* **To do**
Word-for-word repetition of the records below is needed, but only from the line holding "27L/17mm Ivory and" through the final line, with pictures excluded.

(Listed entries Opens)

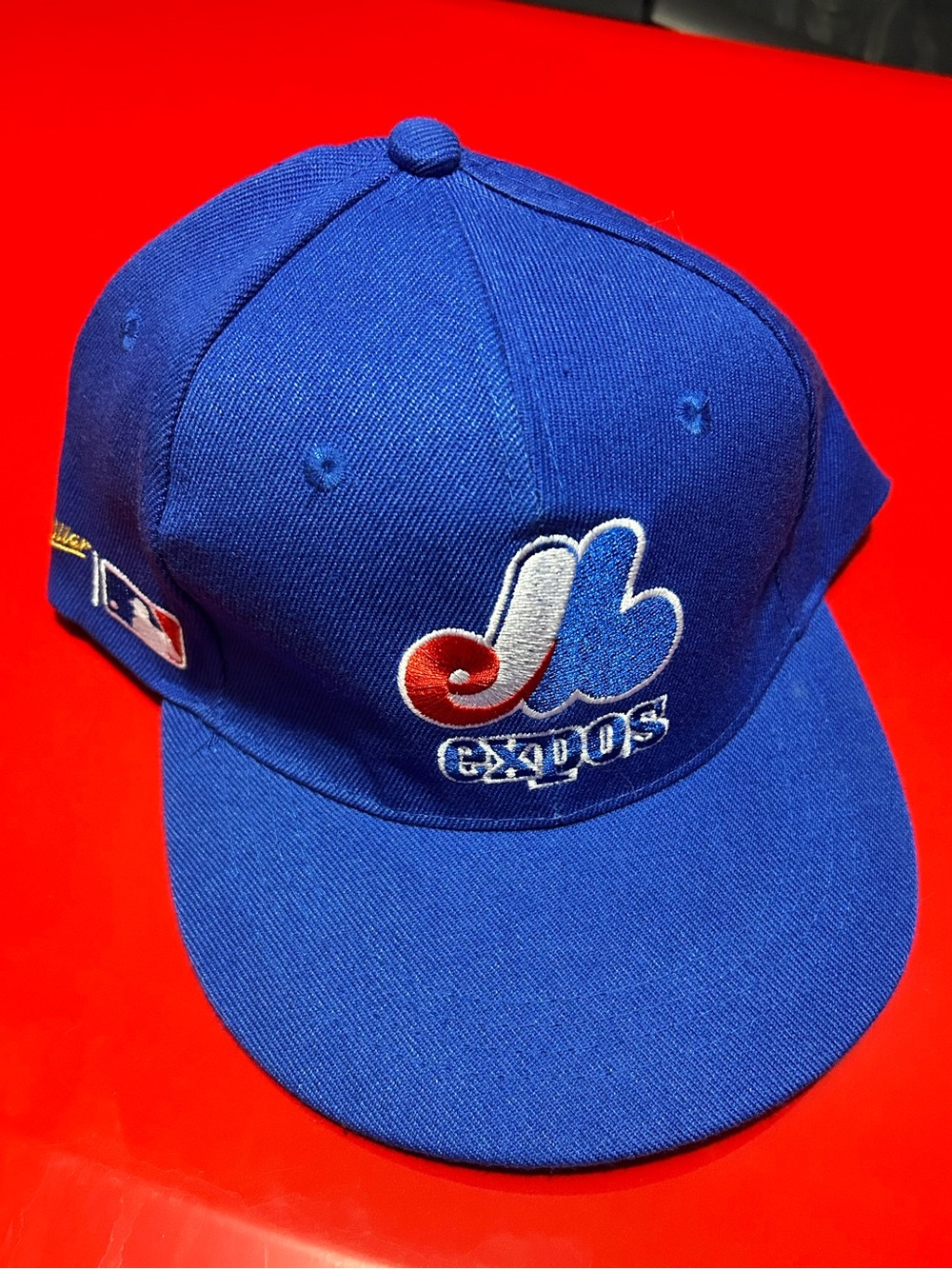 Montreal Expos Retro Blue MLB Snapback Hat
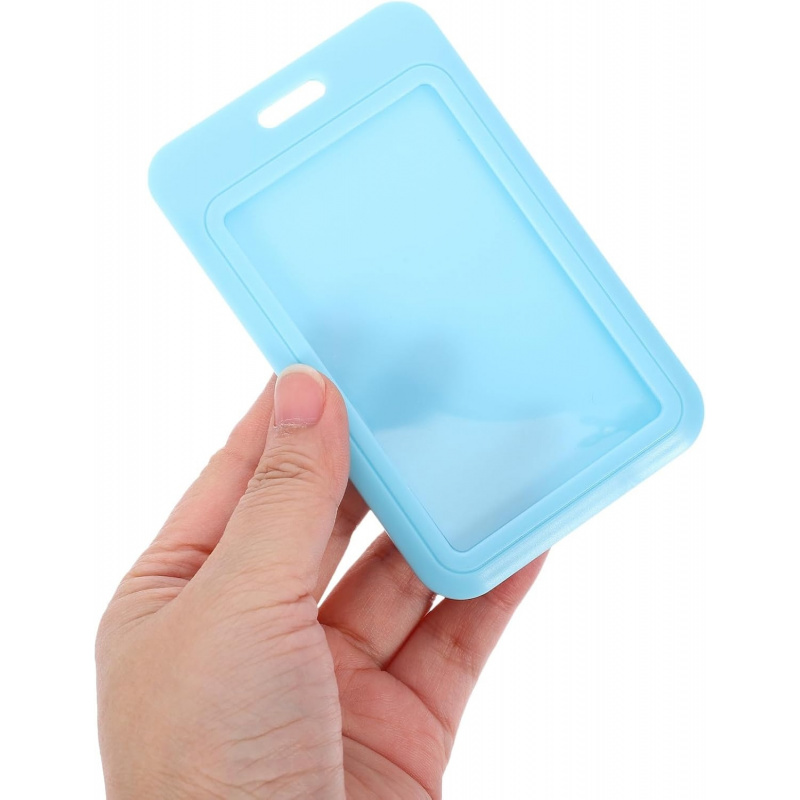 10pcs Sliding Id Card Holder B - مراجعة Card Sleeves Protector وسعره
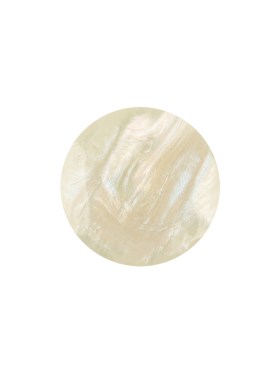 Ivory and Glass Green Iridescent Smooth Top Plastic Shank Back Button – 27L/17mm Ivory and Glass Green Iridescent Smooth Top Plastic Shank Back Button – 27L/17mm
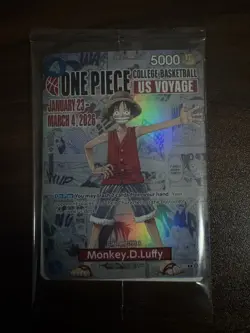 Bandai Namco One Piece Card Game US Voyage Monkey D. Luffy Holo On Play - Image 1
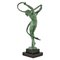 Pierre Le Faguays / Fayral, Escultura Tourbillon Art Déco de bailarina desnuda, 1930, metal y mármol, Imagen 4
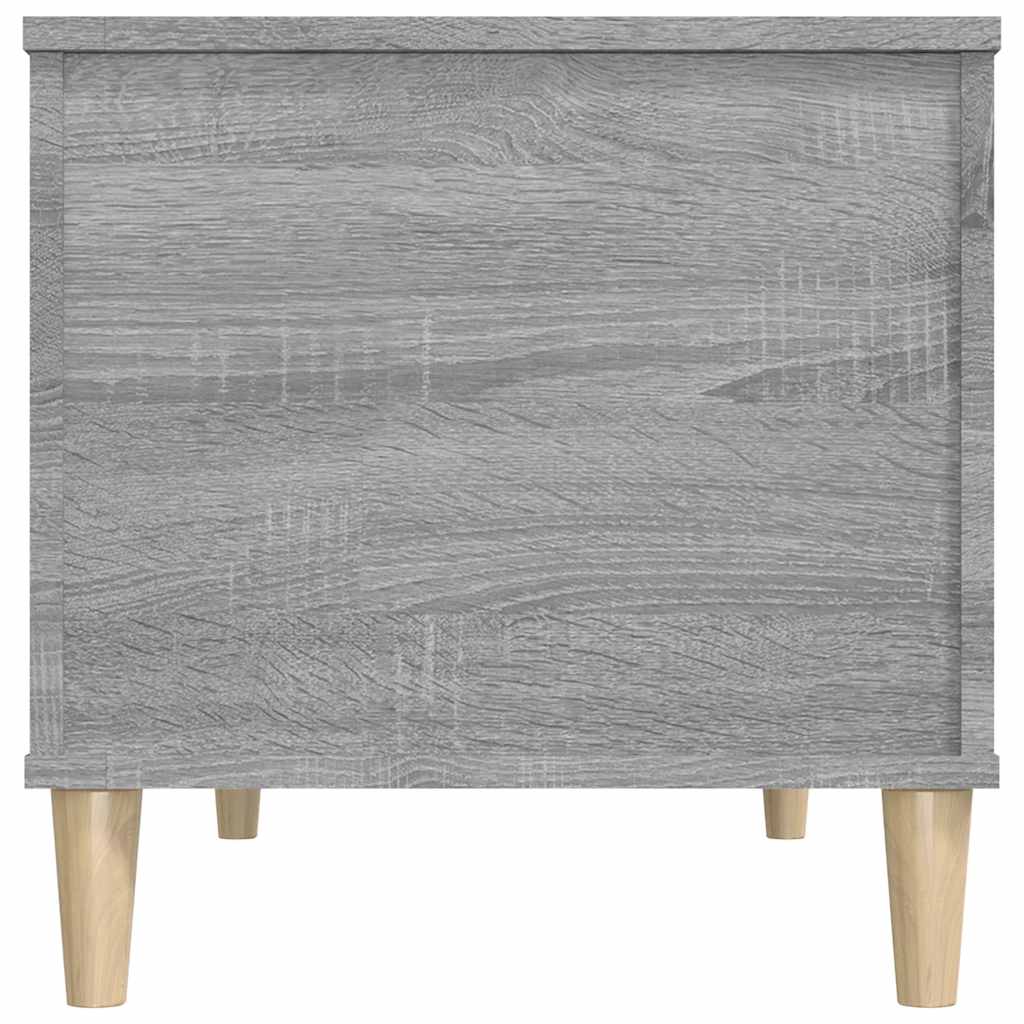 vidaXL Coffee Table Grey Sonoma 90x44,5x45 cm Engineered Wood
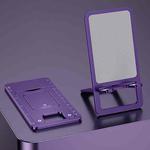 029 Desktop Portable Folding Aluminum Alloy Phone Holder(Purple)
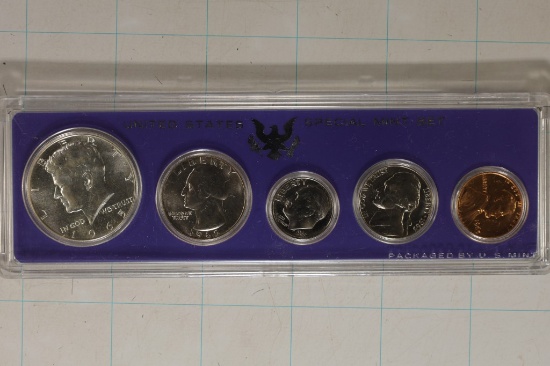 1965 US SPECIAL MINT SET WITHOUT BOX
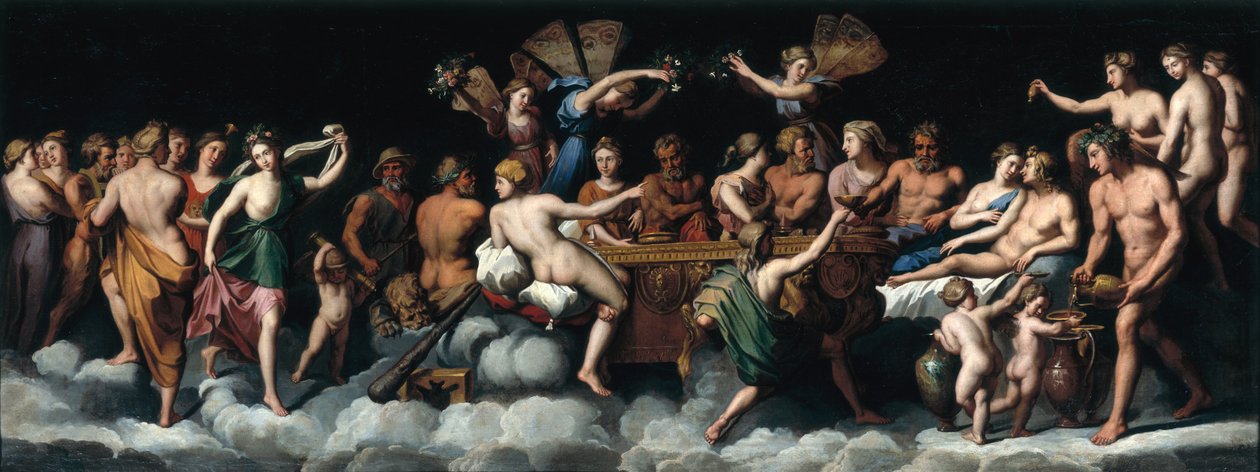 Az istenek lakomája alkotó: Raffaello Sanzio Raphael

(Listed entries Closes)

* **Exercise result**
 Ivory and Glass Green Iridescent Smooth Top Plastic Shank Back Button – 27L/17mm Ivory and Glass Green Iridescent Smooth Top Plastic Shank Back Button – 27L/17mm
 Bandai Namco One Piece Card Game US Voyage Monkey D. Luffy Holo On Play - Image 1
 Pierre Le Faguays / Fayral, Escultura Tourbillon Art Déco de bailarina desnuda, 1930, metal y mármol, Imagen 4
 vidaXL Coffee Table Grey Sonoma 90x44,5x45 cm Engineered Wood
 029 Desktop Portable Folding Aluminum Alloy Phone Holder(Purple)
 1965 US SPECIAL MINT SET WITHOUT BOX
 Az istenek lakomája alkotó: Raffaello Sanzio Raphael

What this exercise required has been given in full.